> [ABOUT THIS EXERCISE]
Please return each of the entries exactly, minus their pictures.
═════ EXERCISE INPUT ═════
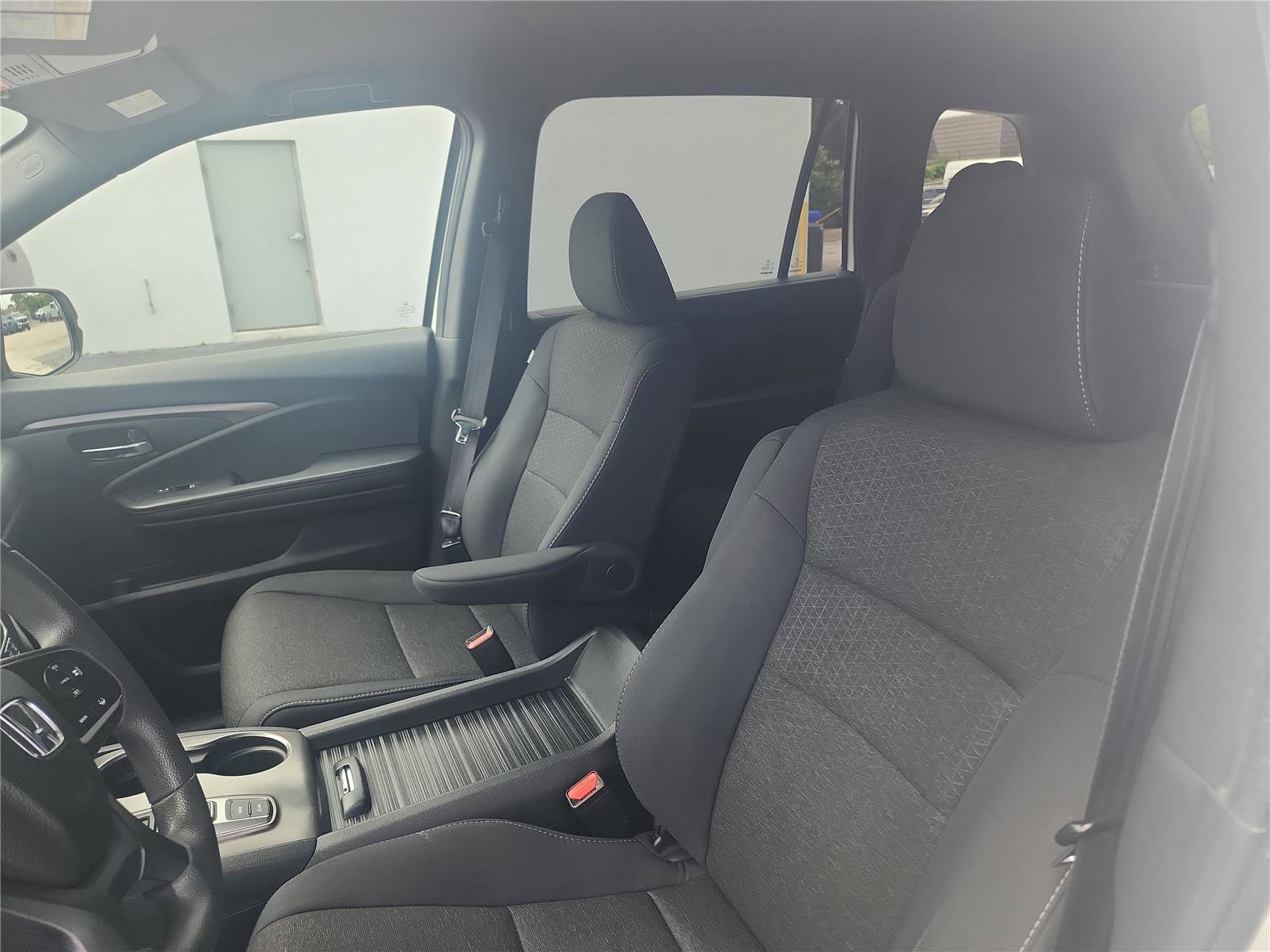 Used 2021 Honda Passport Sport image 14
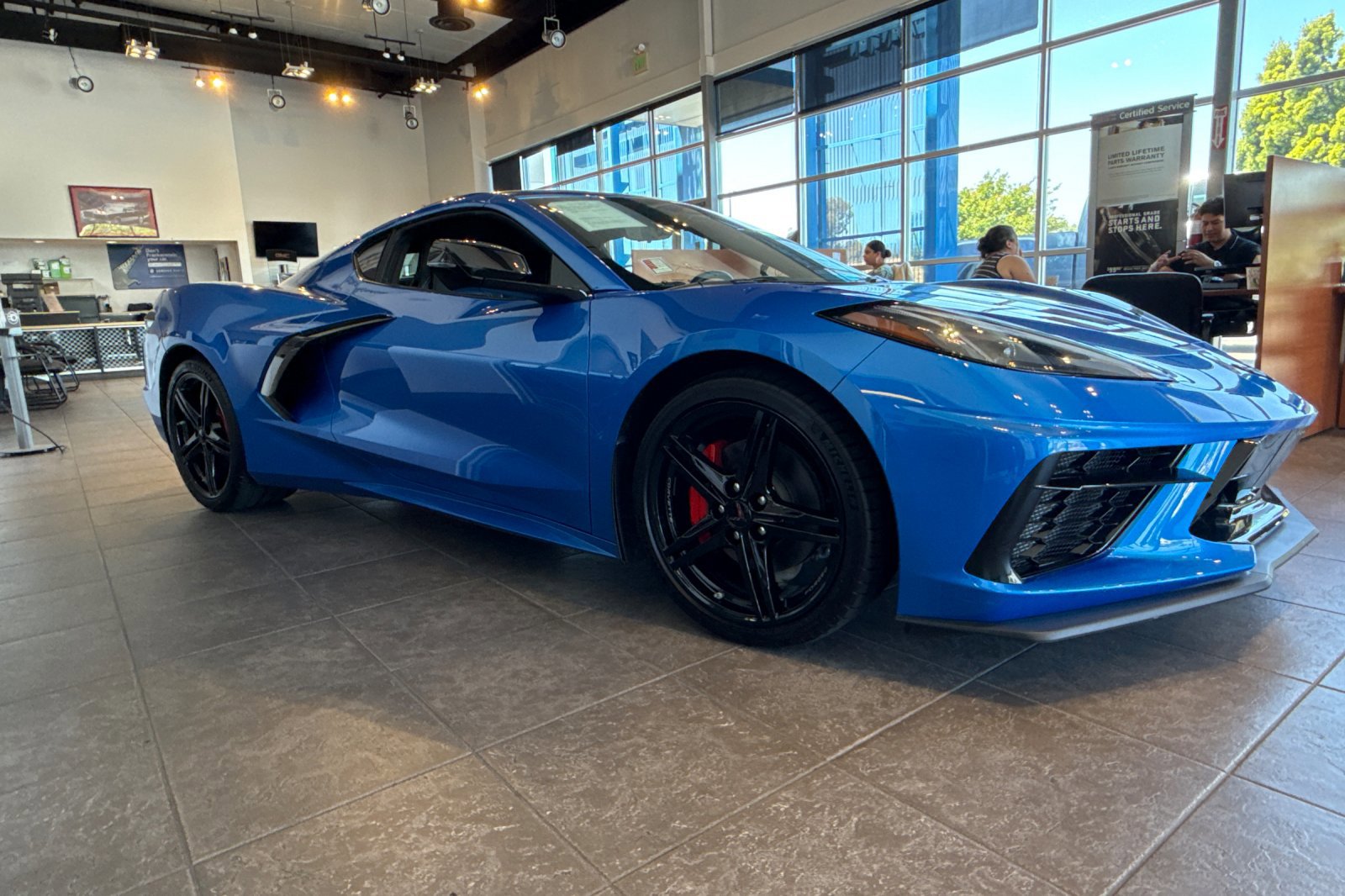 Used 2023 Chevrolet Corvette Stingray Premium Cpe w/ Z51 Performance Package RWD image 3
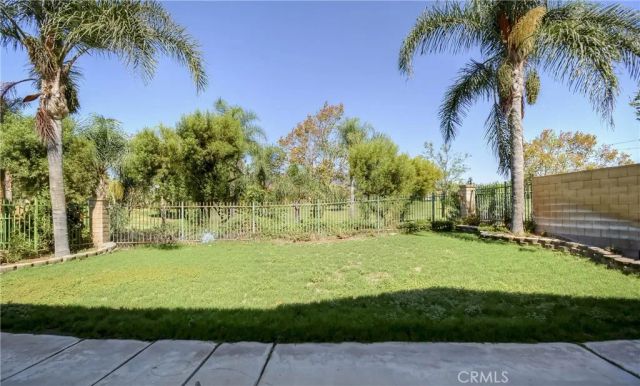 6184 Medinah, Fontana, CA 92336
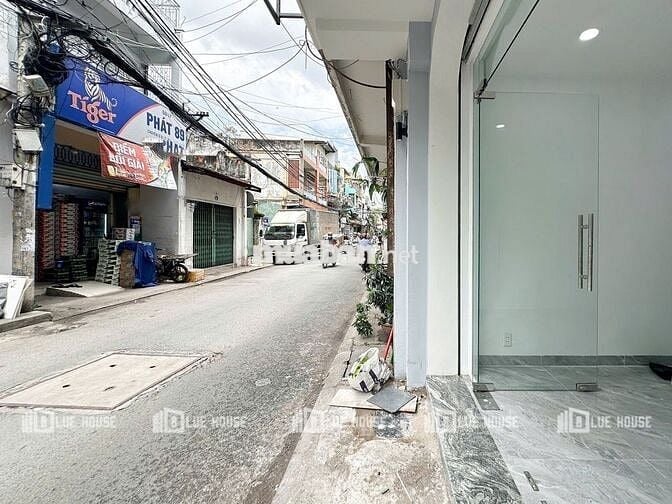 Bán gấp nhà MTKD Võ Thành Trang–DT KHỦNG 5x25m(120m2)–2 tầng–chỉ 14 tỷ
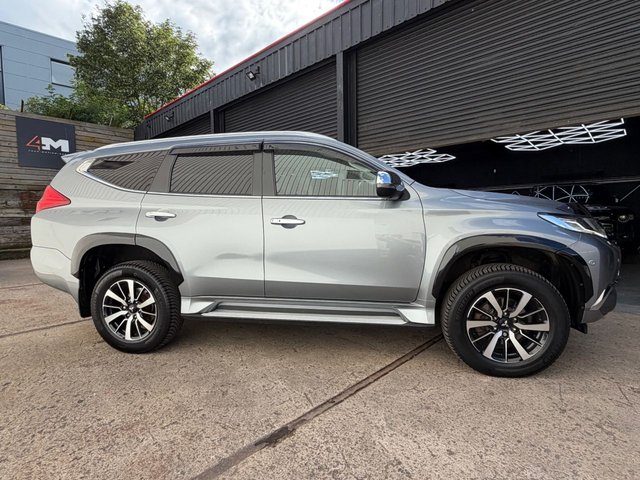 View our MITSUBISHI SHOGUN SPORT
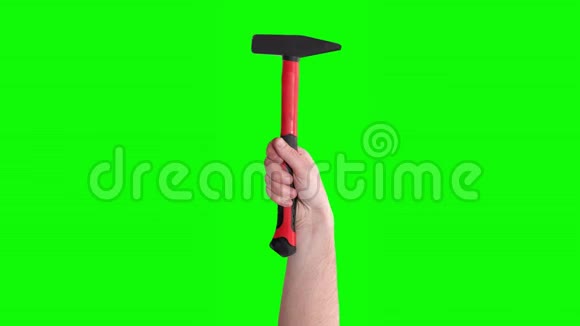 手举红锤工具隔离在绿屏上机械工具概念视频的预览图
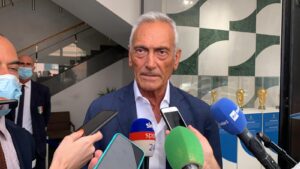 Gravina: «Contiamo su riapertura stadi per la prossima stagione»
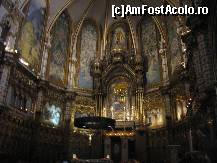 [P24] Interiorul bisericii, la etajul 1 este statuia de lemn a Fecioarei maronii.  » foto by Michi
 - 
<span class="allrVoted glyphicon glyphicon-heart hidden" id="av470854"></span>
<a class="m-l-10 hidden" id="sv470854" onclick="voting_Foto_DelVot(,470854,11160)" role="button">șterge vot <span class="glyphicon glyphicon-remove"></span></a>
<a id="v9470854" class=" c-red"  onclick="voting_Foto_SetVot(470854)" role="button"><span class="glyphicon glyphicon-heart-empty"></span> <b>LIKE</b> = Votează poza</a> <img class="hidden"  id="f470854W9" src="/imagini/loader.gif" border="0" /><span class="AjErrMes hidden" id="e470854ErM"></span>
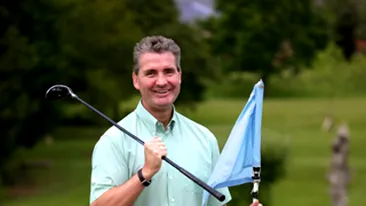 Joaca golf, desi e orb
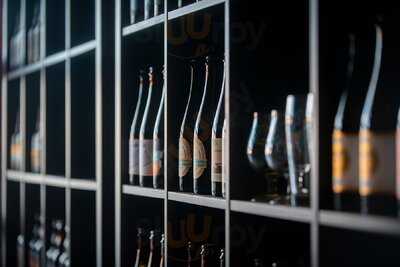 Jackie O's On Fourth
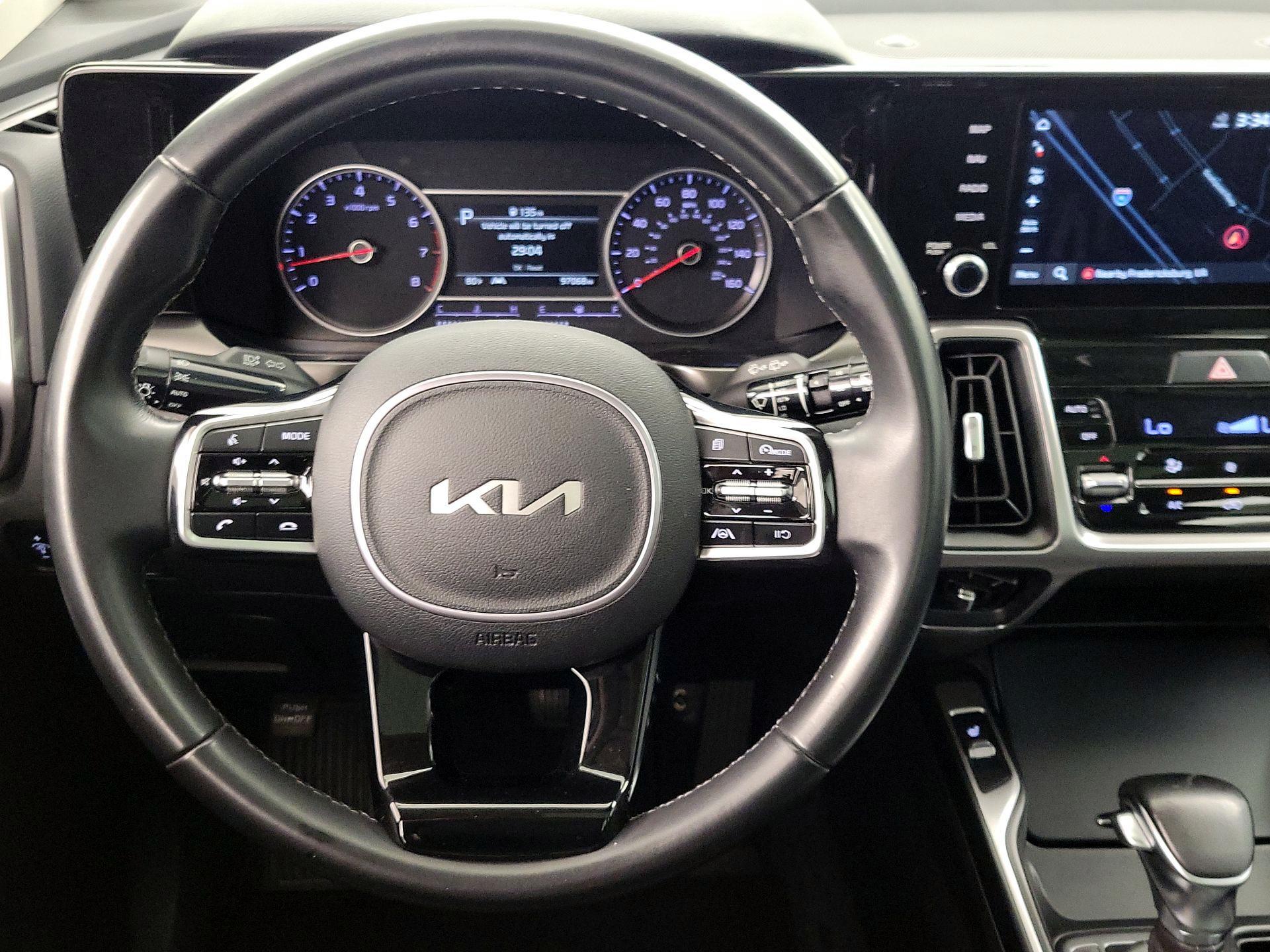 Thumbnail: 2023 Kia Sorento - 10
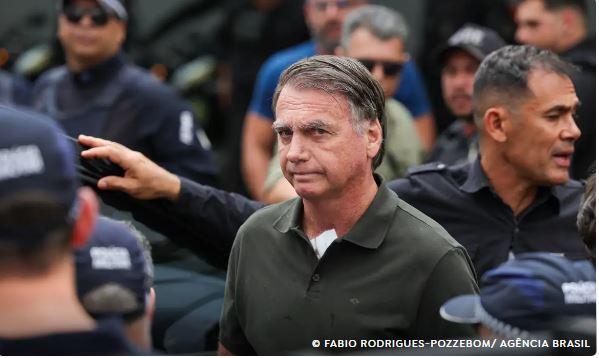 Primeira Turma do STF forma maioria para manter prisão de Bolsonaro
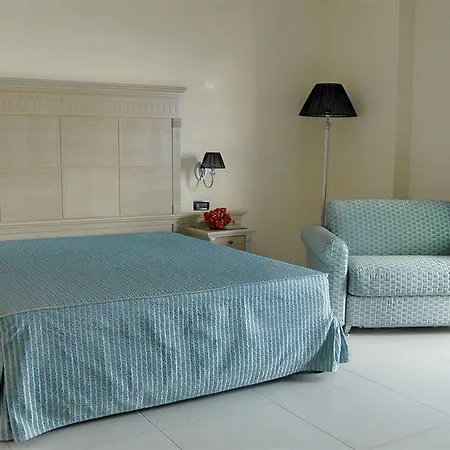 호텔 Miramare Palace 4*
═════
> [RESULT OF THE EXERCISE]
 Used 2021 Honda Passport Sport image 14
 Used 2023 Chevrolet Corvette Stingray Premium Cpe w/ Z51 Performance Package RWD image 3
 6184 Medinah, Fontana, CA 92336
 Bán gấp nhà MTKD Võ Thành Trang–DT KHỦNG 5x25m(120m2)–2 tầng–chỉ 14 tỷ
 View our MITSUBISHI SHOGUN SPORT
 手举红锤工具隔离在绿屏上机械工具概念视频的预览图
 Gravina: «Contiamo su riapertura stadi per la prossima stagione»
 [P24] Interiorul bisericii, la etajul 1 este statuia de lemn a Fecioarei maronii.  » foto by Michi
 - 
<span class="allrVoted glyphicon glyphicon-heart hidden" id="av470854"></span>
<a class="m-l-10 hidden" id="sv470854" onclick="voting_Foto_DelVot(,470854,11160)" role="button">șterge vot <span class="glyphicon glyphicon-remove"></span></a>
<a id="v9470854" class=" c-red"  onclick="voting_Foto_SetVot(470854)" role="button"><span class="glyphicon glyphicon-heart-empty"></span> <b>LIKE</b> = Votează poza</a> <img class="hidden"  id="f470854W9" src="/imagini/loader.gif" border="0" /><span class="AjErrMes hidden" id="e470854ErM"></span>
 Joaca golf, desi e orb
 Jackie O's On Fourth
 Thumbnail: 2023 Kia Sorento - 10
 Primeira Turma do STF forma maioria para manter prisão de Bolsonaro
 호텔 Miramare Palace 4*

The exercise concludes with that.